Si parte anche da un giudizio più che positivo, in parte controcorrente, sulle lezioni online: «Nel nostro istituto funzionano - ribadisce la studentessa -. Stiamo facendo tantissime cose, non abbiamo un senso di abbandono né buchi formativi, anzi. A volte non abbiamo nemmeno i cinque minuti di pausa fra una lezione e l’altra, perché i nostri insegnanti spiegano, sono presenti: noi seguiamo, studiamo di pomeriggio».

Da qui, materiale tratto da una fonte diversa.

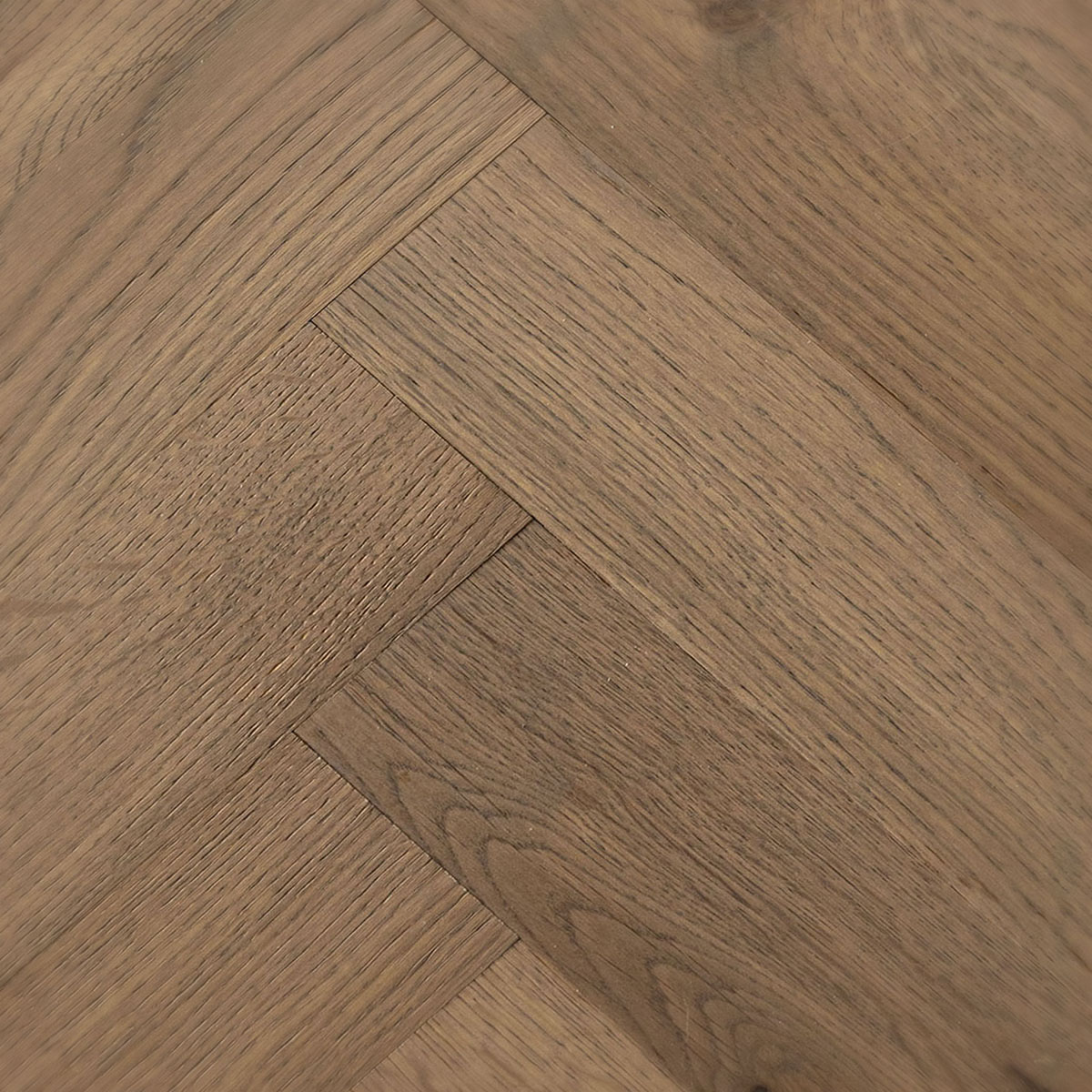 Bespoke solid and engineered wood flooring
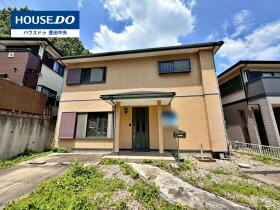 豊田市岩倉町鵜ケ瀬前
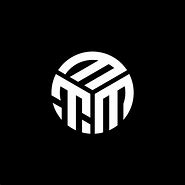 Image result for MTM Logo Effects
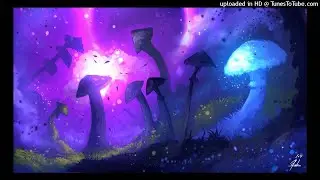 Power Infusion - Purple Forest (Original Mix)
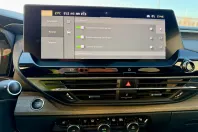 Citroën C5 X din 2023 cu 117.900 km - oferta CIT196405 - foto 33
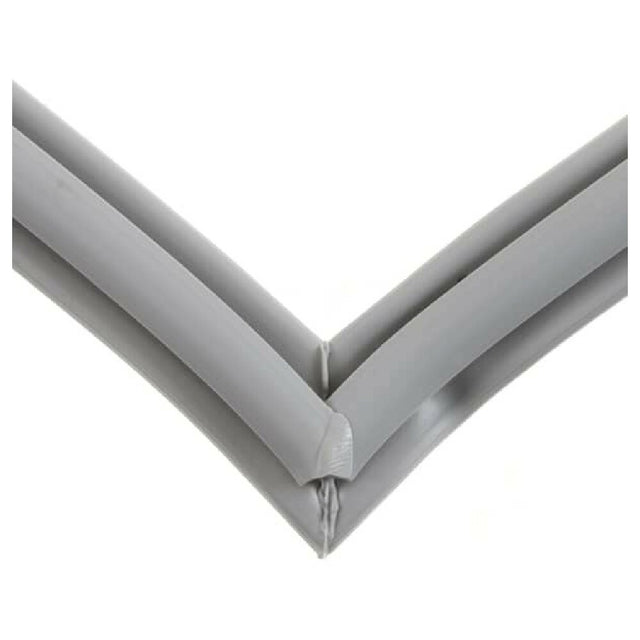 Lockwood GASKETMAG2121 Magnetic Gasket Assembly Top 21.625x2
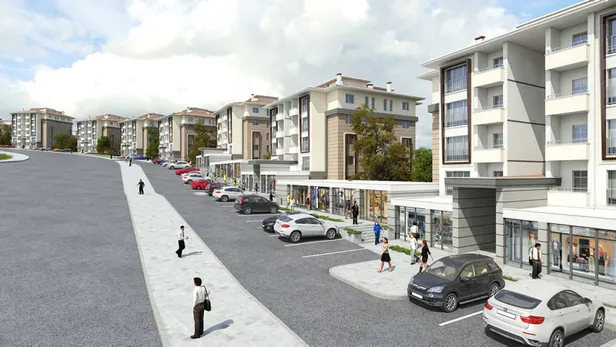 tokiden-10-ilde-dev-firsat-yuzlerce-daire-uygun-fiyatlarla-satiliyor-ankara-balikesir-bursa-1600885154247.jpg TOKİ'den 10 ilde dev fırsat: Yüzlerce daire uygun fiyatlarla satılıyor! Ankara, Balıkesir, Bursa...-5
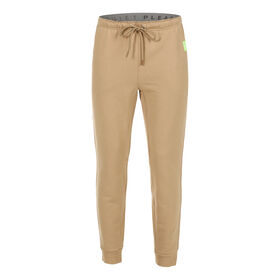 Afbeelding van Crossroad Easy Sweatpant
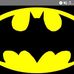 Profile Picture of Isaac Tijerina (@isaac.tijerina.14) on Facebook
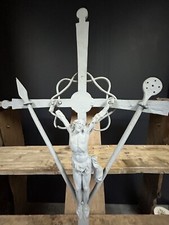 Croix chemin fer d'occasion Croix chemin fer d'occasion  Évry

Il sogno di tutti è dimenticare questo brutto periodo, ma almeno secondo questo gruppo corposo non ci sarebbero per ora garanzie sufficienti: «Sui bus saremmo comunque accalcati, perché i trasporti sono rimasti quelli di ottobre - ribadisce Alessia -. In più non tutti i compagni hanno stanze singole e separate, quindi il rischio di infettarsi e portarlo in famiglie dove si vive a stretto contatto è troppo elevato. Chi ha parenti anziani non può stare tranquillo. Non saremmo tutelati: e l’ipotesi di fare nuovamente orari scaglionati non funziona. Noi, per esempio, entreremmo dopo, alle 9.40, uscendo alle 13.50 o alle 14.40: non è possibile mangiare a scuola, quindi torneremmo a casa alle 16 dovendo ancora pranzare, in pratica con meno tempo a disposizione per studiare, fare attività fisica o anche rilassarci».
Dunque al centro ci sono sicurezza, dubbi sulle distanze sui mezzi, fiducia nella Dad, pur nella speranza di poter uscire presto.
«Lo pensiamo doppiamente ora che siamo tornati in zona rossa, questo significa che la situazione è molto grave - conclude la giovane portavoce -. Non capisco perché dovrebbero essere proprio gli studenti a creare altri pericoli e favorire la diffusione dei contagi».